*INFORMATION SHOWN*.
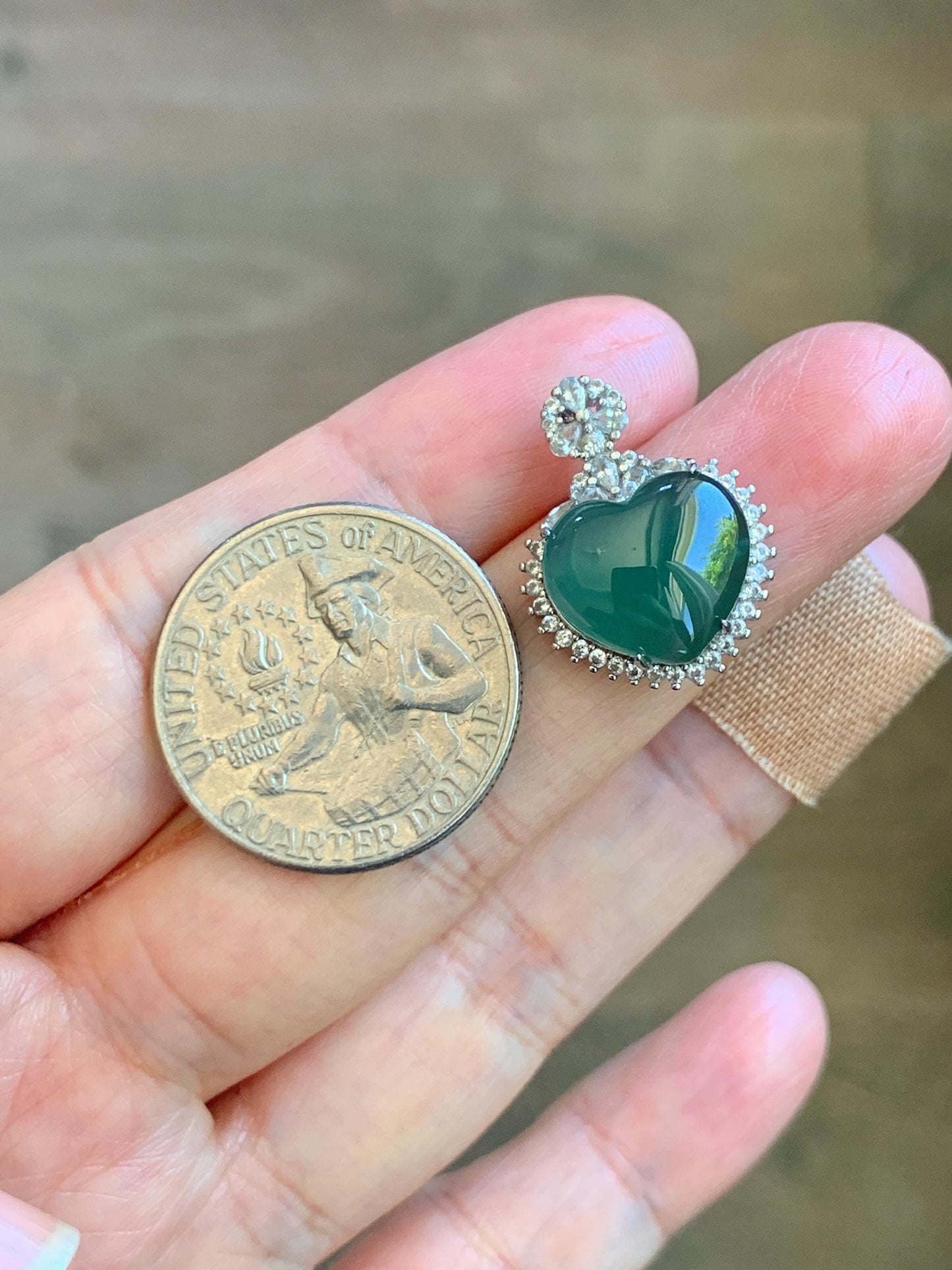 Natural Grade A Guatemalan Icy Translucent Dark Teal Green Jade Jadeite Heart Pendant Sterling Silver 3g 天然冰危深蓝绿翡翠爱心蛋面银镶吊坠 GAX150S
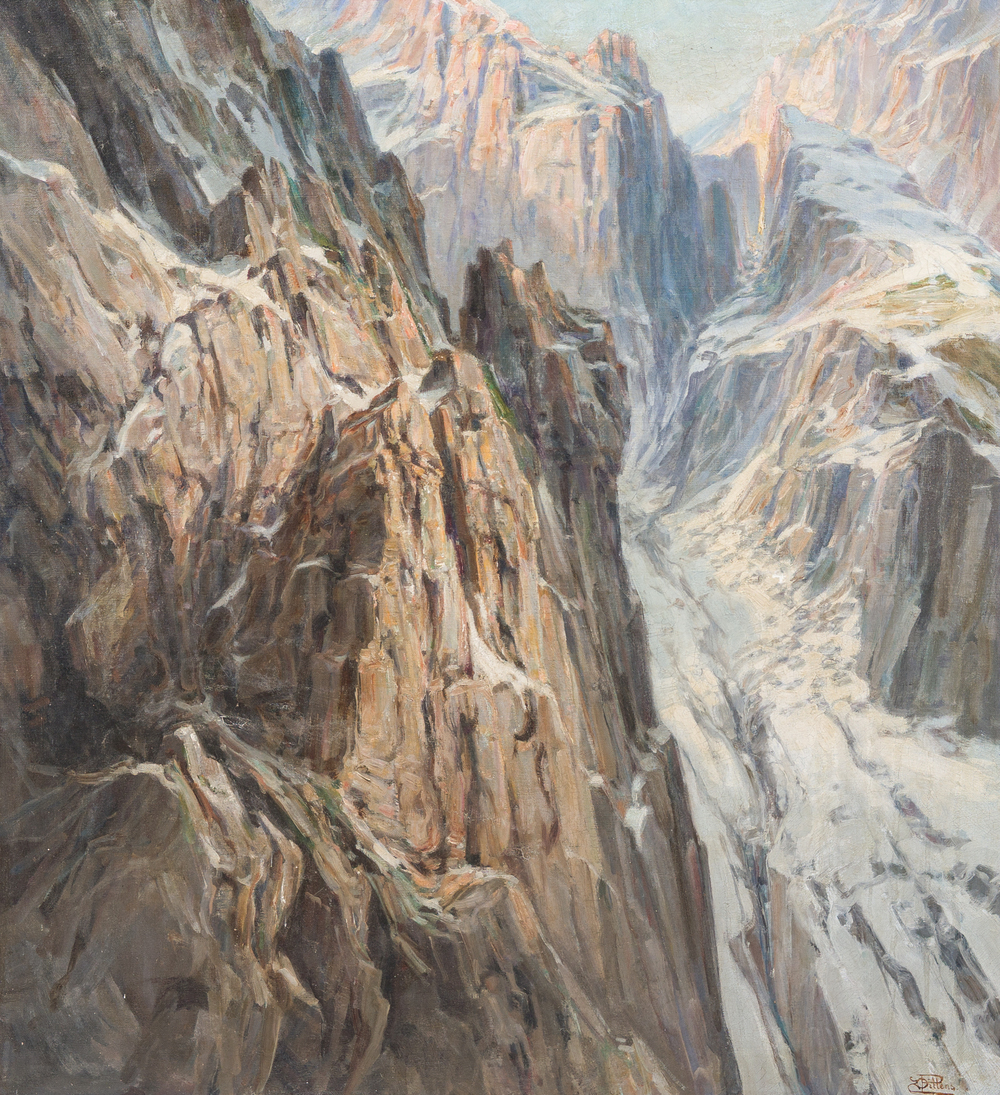 Paul Dillens (1874-1965): Paysage de montagne enneig&eacute;, huile sur toile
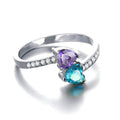 New Double Heart Women's Ring With Blue Purple Zircon, Korean Style Romantic Jewelry Gift view 3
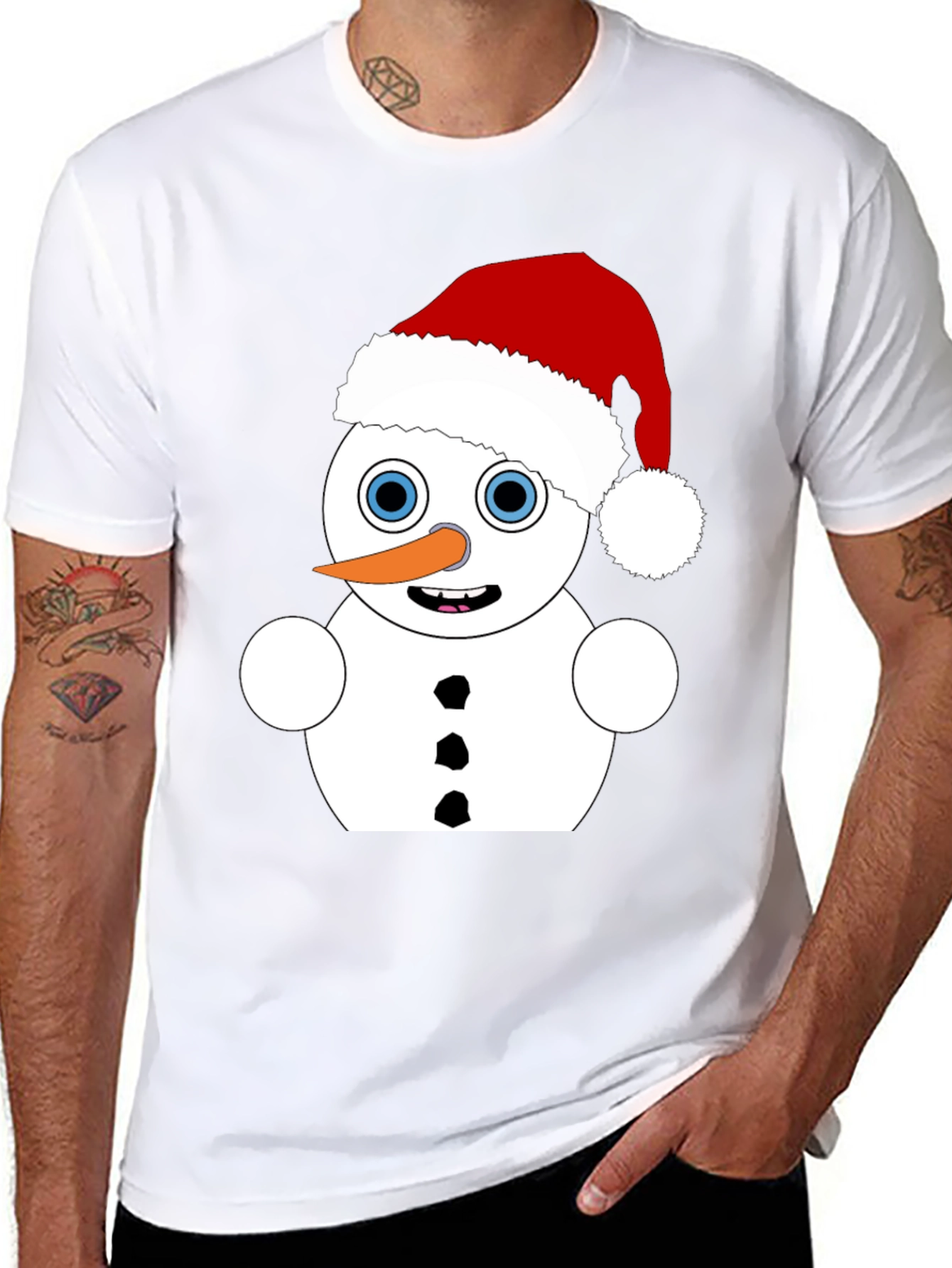Festive Snowman Graphic Tee - Holiday Apparel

*WORK INSTRUCTION*. With images omitted, output the data exactly as given.

*EXERCISE ANSWER*.
 Natural Grade A Guatemalan Icy Translucent Dark Teal Green Jade Jadeite Heart Pendant Sterling Silver 3g 天然冰危深蓝绿翡翠爱心蛋面银镶吊坠 GAX150S
 Paul Dillens (1874-1965): Paysage de montagne enneig&eacute;, huile sur toile
 New Double Heart Women's Ring With Blue Purple Zircon, Korean Style Romantic Jewelry Gift view 3
Festive Snowman Graphic Tee - Holiday Apparel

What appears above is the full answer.